The event is part of the UCA College of Fine Arts and Communication’s commemoration of the 90th anniversary of the building of Little Rock Central High School in 1927 and the 60th anniversary of the desegregation crisis that occurred there in 1957 through the “Imagine If Buildings Could Talk: Mapping the History of Little Rock Central High School” project.

“Since 2009, UCA has worked with Sue Schroeder and CORE Performance Company on seven highly successful projects,” said Dr. Gayle Seymour, project director and associate dean of the UCA College of Fine Arts and Communication. “CORE’s site-specific work with museums, public art installations and gardens made them an obvious choice for this commemorative event in the Central High garden.

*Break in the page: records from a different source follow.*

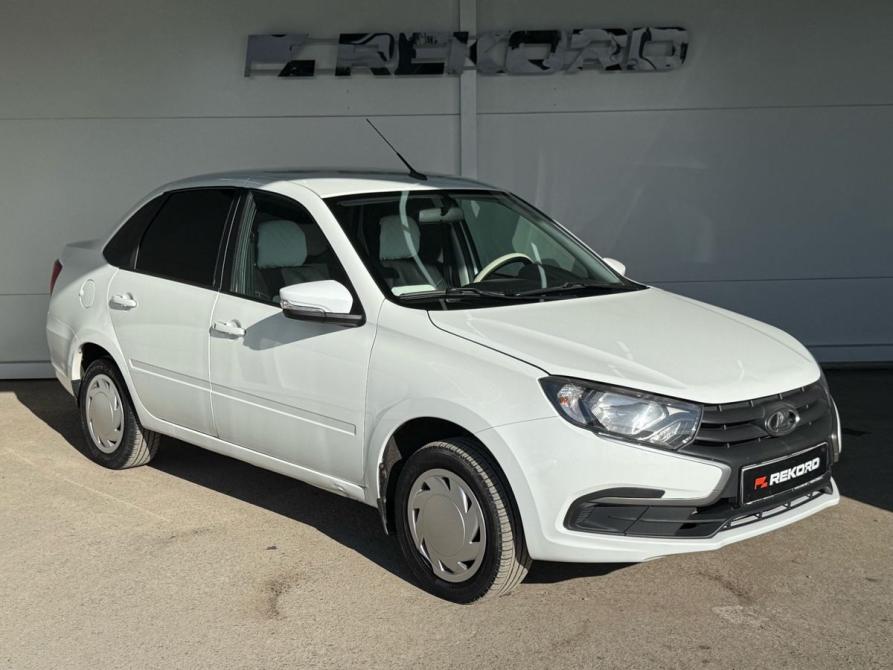 Lada (ВАЗ) Granta I Рестайлинг Уфа  - изображение 1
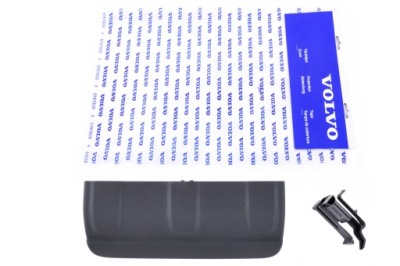 Заглушка фаркоп знімний оригінальний номер volvo xc60 r-design фото №1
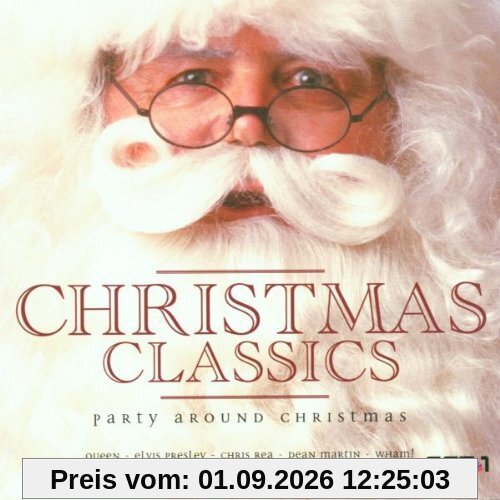 Christmas Classics 2001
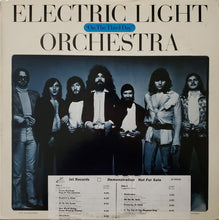 Laden Sie das Bild in den Galerie-Viewer, Electric Light Orchestra : On The Third Day (LP, Album, Promo)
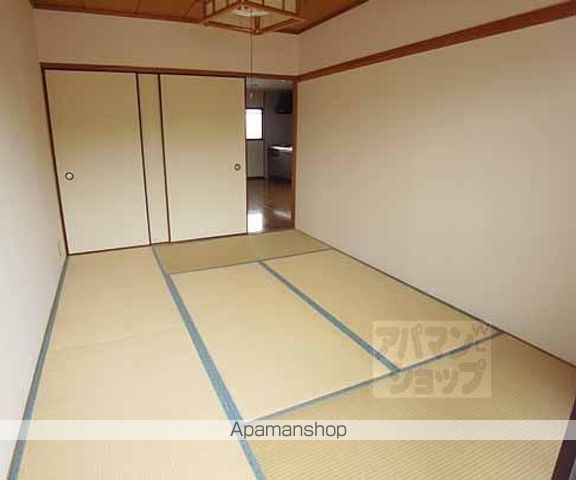 ヌフ奥田の内装写真
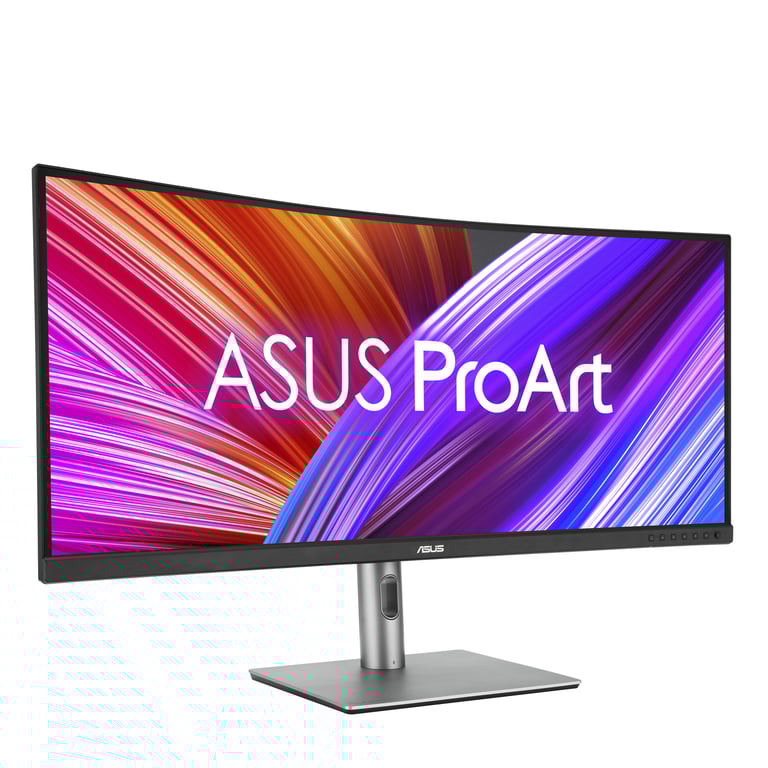 ASUS ProArt Écran PA34VCNV - vue 2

“However, it is their commitment to the arts as tools for social change that made their participation in this project about civil rights and inclusion essential.”

Seymour said Schroeder’s “deep belief that this work should come from the local community, not be imposed upon it,” led her to make a site visit to Little Rock in June to talk with people and find local artistic collaborators who tell their stories through spoken word.

Collaborating artists include Leron McAdoo, Marcus Montgomery, and members of the Central High Writeous Poetry Club.

“Civil Twilight” commemorates, in part, the Little Rock Nine who desegregated Central in 1957, ushering in a continued endeavor for equal education under the law. Audience members will move with the artists along a winding path, past nine benches and nine trees, until they assemble at the centerpiece of the garden: two arches, mirroring those on the school’s façade, which feature reflective photographic images from Central High yearbooks. There, Gates and León will make brief remarks about the ability of the arts to create social change.

CORE’s dance artists, in collaboration with local artists, will tell the stories of the present-day community that are an extension of the Little Rock Nine story through movement, theatre and spoken word.

The performance will conclude with an audience candlelight walk to Central High School where the 3D video mapping screening by Scott Meador with soundtrack by Blake Tyson will begin at 7:30 p.m.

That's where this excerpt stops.